(Dataset extract)
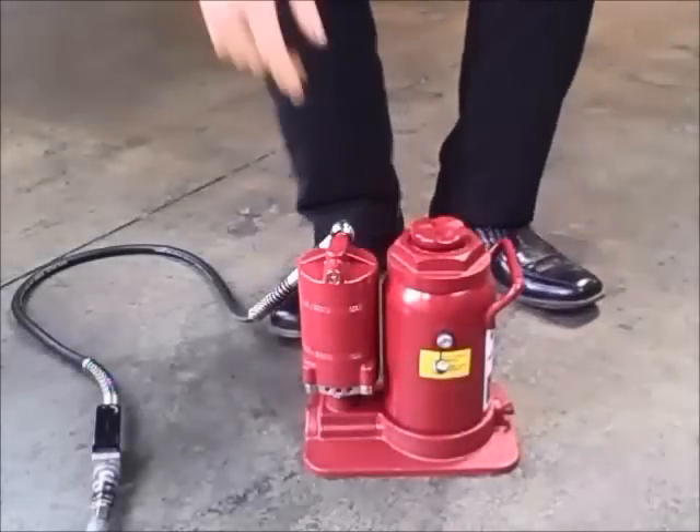How to bleed the air out of an air hydraulic bottle jack. This procedure will apply to air hydraulic bottle jacks as well as regular standard bottle jacks. There are six basic steps to follow.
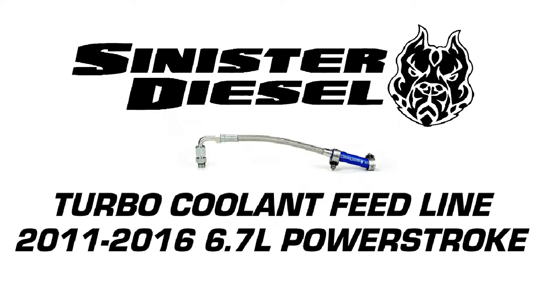For more information on performance parts, please visit SinisterDiesel.com. Thank you very much for watching. See you on the next installation video.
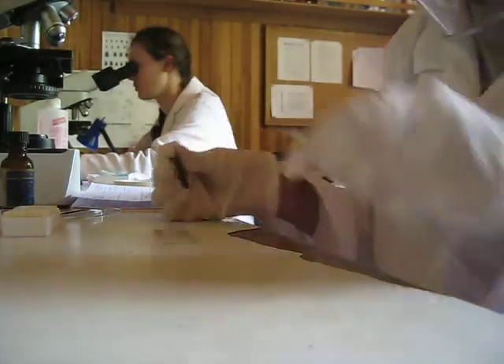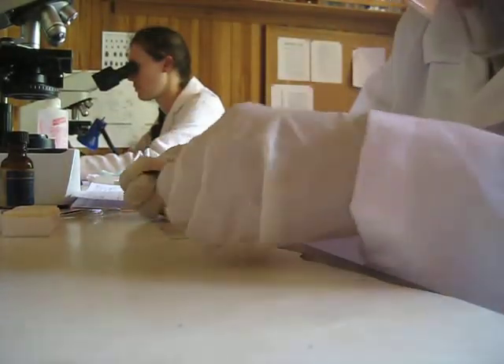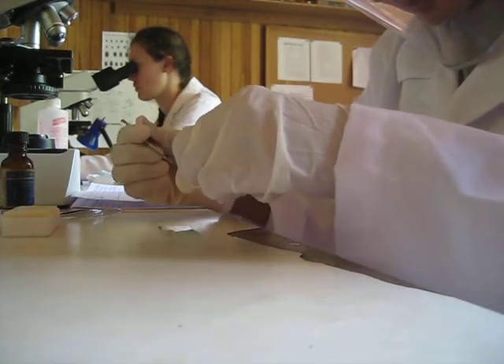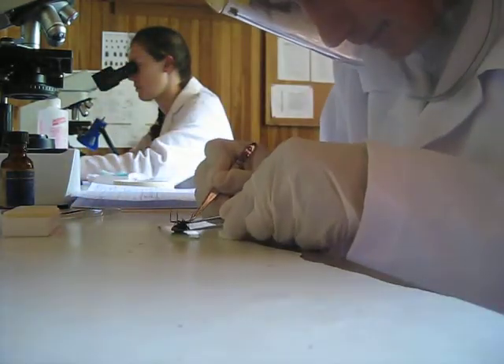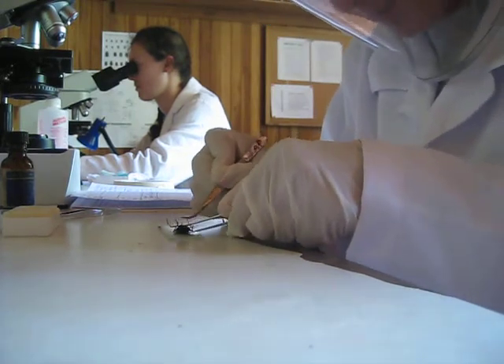This is an adult. It has wings, so you need to be very careful with it or it can get away from you. So you hang on to it by its thorax, excuse me, and you massage its abdomen from top to bottom.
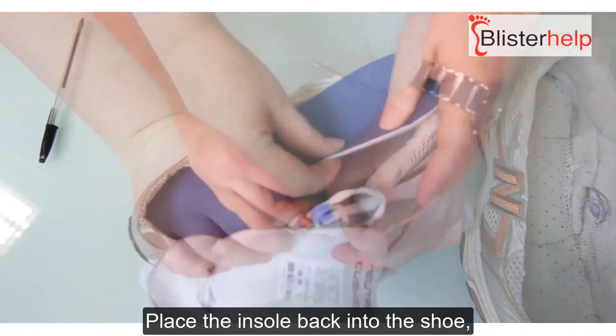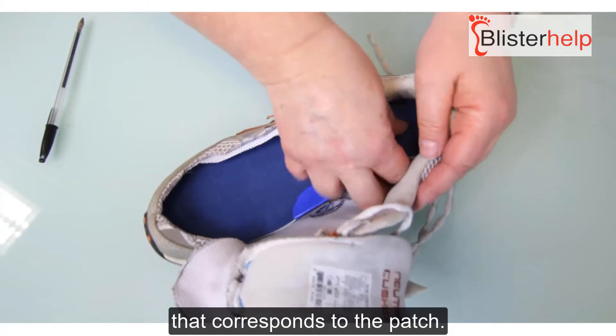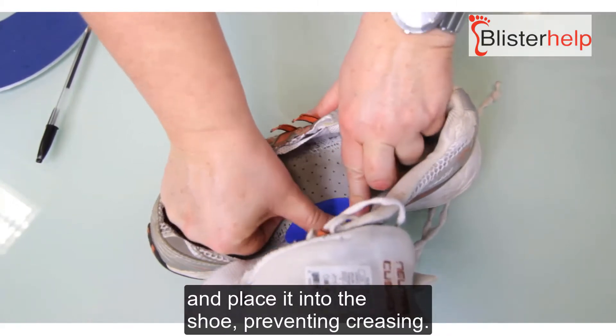Place the insole back into the shoe and mark the area of the shoe that corresponds to the patch. Remove the insole and place another oval patch in that spot on the shoe.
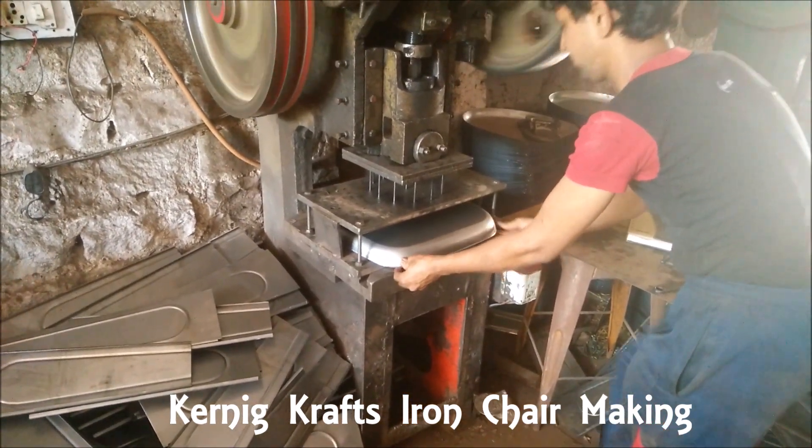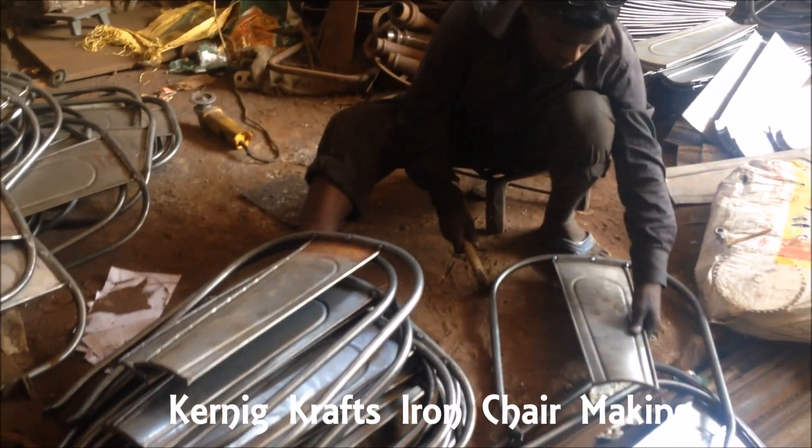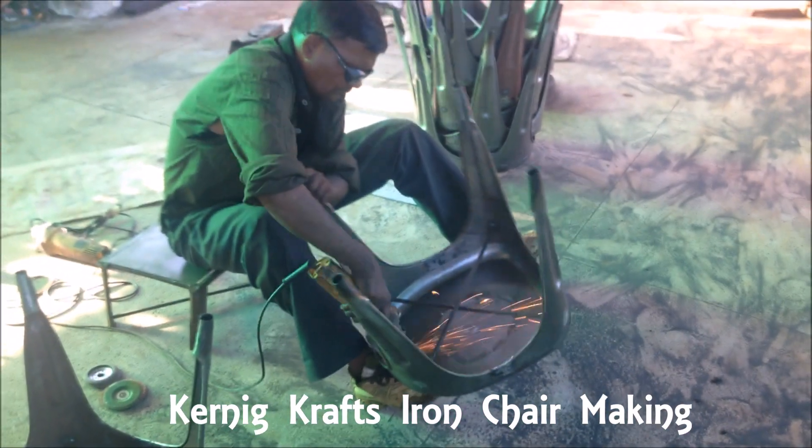I'm going to show you how to make a chair. Let's go.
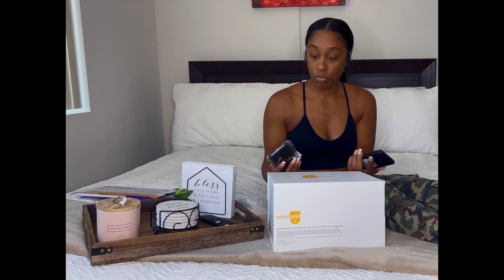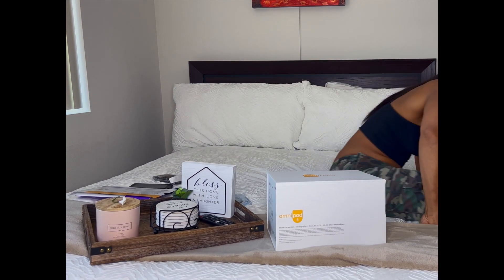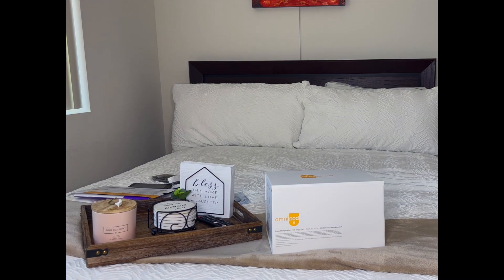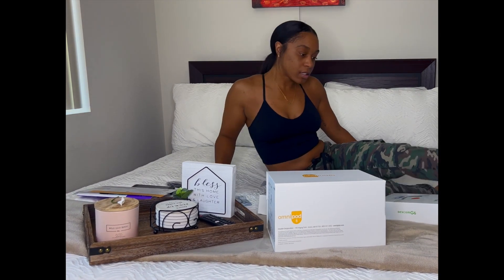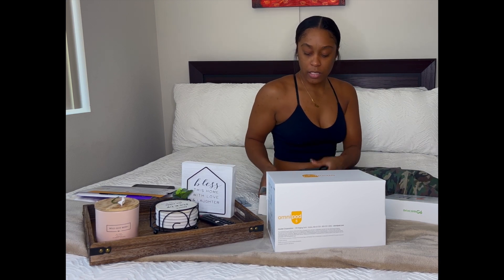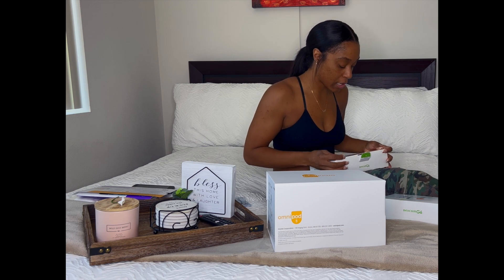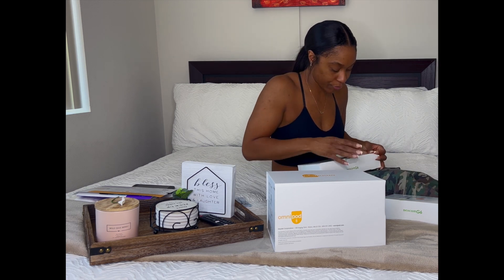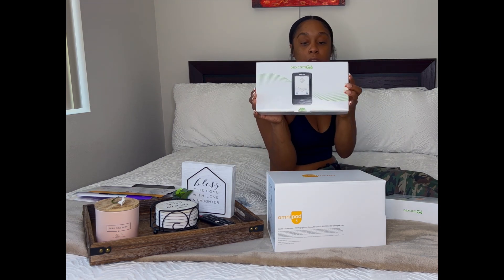Let's transition into what I want to show y'all next — I'm going to show y'all the G6. I recently switched insurances, so they sent me a brand new kit, which is great. This right here is the receiver.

(Problem statement) Copy every record exactly, without the pictures.

(Result of this task)
How to bleed the air out of an air hydraulic bottle jack. This procedure will apply to air hydraulic bottle jacks as well as regular standard bottle jacks. There are six basic steps to follow.
For more information on performance parts, please visit SinisterDiesel.com. Thank you very much for watching. See you on the next installation video.
This is an adult. It has wings, so you need to be very careful with it or it can get away from you. So you hang on to it by its thorax, excuse me, and you massage its abdomen from top to bottom.
Place the insole back into the shoe and mark the area of the shoe that corresponds to the patch. Remove the insole and place another oval patch in that spot on the shoe.
I'm going to show you how to make a chair. Let's go.
Let's transition into what I want to show y'all next — I'm going to show y'all the G6. I recently switched insurances, so they sent me a brand new kit, which is great. This right here is the receiver.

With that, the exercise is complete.